Roundup Tracker - Issues

Issue 2551115

classification
Use utf8mb4 as a default for MySQL instead of utf8
Type: rfe Severity: normal
Components: Documentation, Database Versions: devel
process
Status: pending
:
: rouilj : rouilj, schlatterbeck, whunger
Priority: :

Created on 2021-03-10 14:51 by whunger, last changed 2021-03-23 07:21 by schlatterbeck.

Messages
msg7090 Author: [hidden] (whunger) Date: 2021-03-10 14:51
I just stumbled over the upgrading instructions to 2.x for MySQL users (https://www.roundup-tracker.org/docs/upgrading.html#python-2-mysql-users-must-read), to which i would like to propose an improvement.

I would not advise to set the MySQL database encoding to utf, but to utf8mb4 instead.

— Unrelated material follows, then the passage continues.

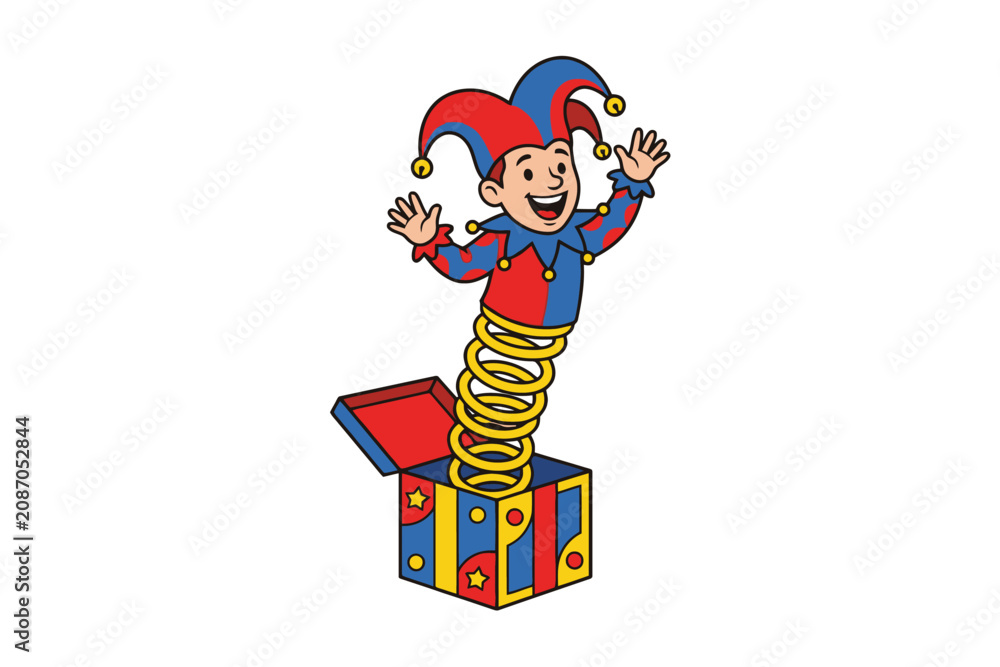 Naklejka premium Jack-in-the-Box Jester Toy Popping Out of Box Illustration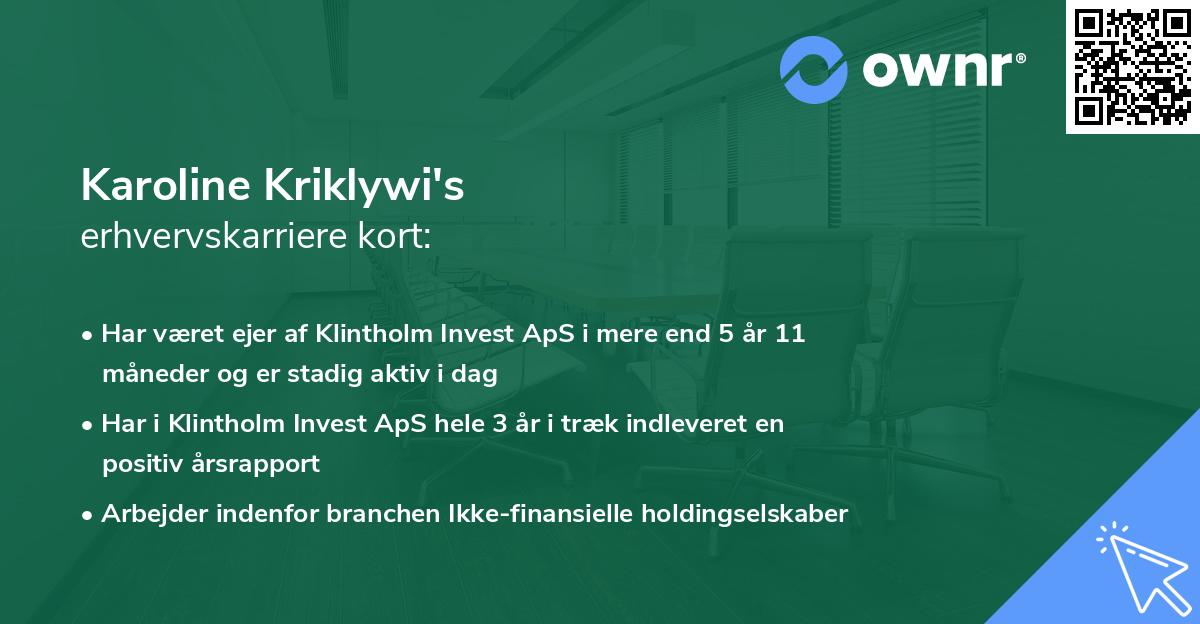 Karoline Kriklywi's erhvervskarriere kort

Utf8 in MySQL is limited to use only up to 3 bytes per character, and thus cannot store all characters that you would expect maybe. Especially Emojis will not work, which is a pity, as these have a high probability of arriving through the Email interface :-)

https://stackoverflow.com/questions/30074492/what-is-the-difference-between-utf8mb4-and-utf8-charsets-in-mysql
msg7094 Author: [hidden] (rouilj) Date: 2021-03-10 15:36
Hi Werner:

In message <1615387874.91.0.944369845492.issue2551115@roundup.psfhosted.org>,
Werner Hunger writes:
>I just stumbled over the upgrading instructions to 2.x for MySQL
>users
>(https://www.roundup-tracker.org/docs/upgrading.html#python-2-mysql-users-must-read),

Have you successfully upgraded? Those docs were written with minimal if
any testing. Nobody on the core team runs mysql. Any feedback on those
docs would be appreciated.

>to which i would like to propose an improvement.
>
>I would not advise to set the MySQL database encoding to utf, but to
>utf8mb4 instead. Utf8 in MySQL is limited to use only up to 3 bytes
>per character, and thus cannot store all characters that you would
>expect maybe. Especially Emojis will not work, which is a pity, as
>these have a high probability of arriving through the Email interface

This makes sense. Nobody on the primary team runs mysql so we weren't
up on the nuances. I have updated the docs and changed the config
variable to use utf8mb4. The diffs are below:

diff -r 6a6b4651be1f doc/upgrading.txt
--- a/doc/upgrading.txt Thu Mar 04 12:55:21 2021 +0100
+++ b/doc/upgrading.txt Wed Mar 10 10:30:03 2021 -0500
@@ -77,10 +77,10 @@
 python3. See `Python 3 support`_.

 In an upgraded ``config.ini`` (see next section) the ``[rdbms]``
-section has a key ``mysql_charset`` set by default to ``utf-8``.
-
-It should be possible to change utf-8 to any mysql charset. So if you
-know what charset is enabled (e.g. via a setting in ~roundup/.my.cnf,
+section has a key ``mysql_charset`` set by default to ``utf8mb4``.
+
+It should be possible to change ``utf8mb4`` to any mysql charset. So
+if you know what charset is enabled (e.g. via a setting in ~roundup/.my.cnf,
 or the default charset for the database) you can set it in
 ``config.ini`` and not need to covert the database. However the
 underlying issues with misconverted data and bad searches will still
diff -r 6a6b4651be1f roundup/configuration.py
--- a/roundup/configuration.py  Thu Mar 04 12:55:21 2021 +0100
+++ b/roundup/configuration.py  Wed Mar 10 10:30:03 2021 -0500
@@ -1048,7 +1048,7 @@
         (NullableOption, 'read_default_group', 'roundup',
             "Name of the group to use in the MySQL defaults file (.my.cnf).\n"
             "Only used in MySQL connections."),
-        (Option, 'mysql_charset', 'utf8',
+        (Option, 'mysql_charset', 'utf8mb4',
             "Charset to use for mysql connection,\n"
             "use 'default' for the mysql default, no charset option\n"
             "is used when creating the connection in that case.\n"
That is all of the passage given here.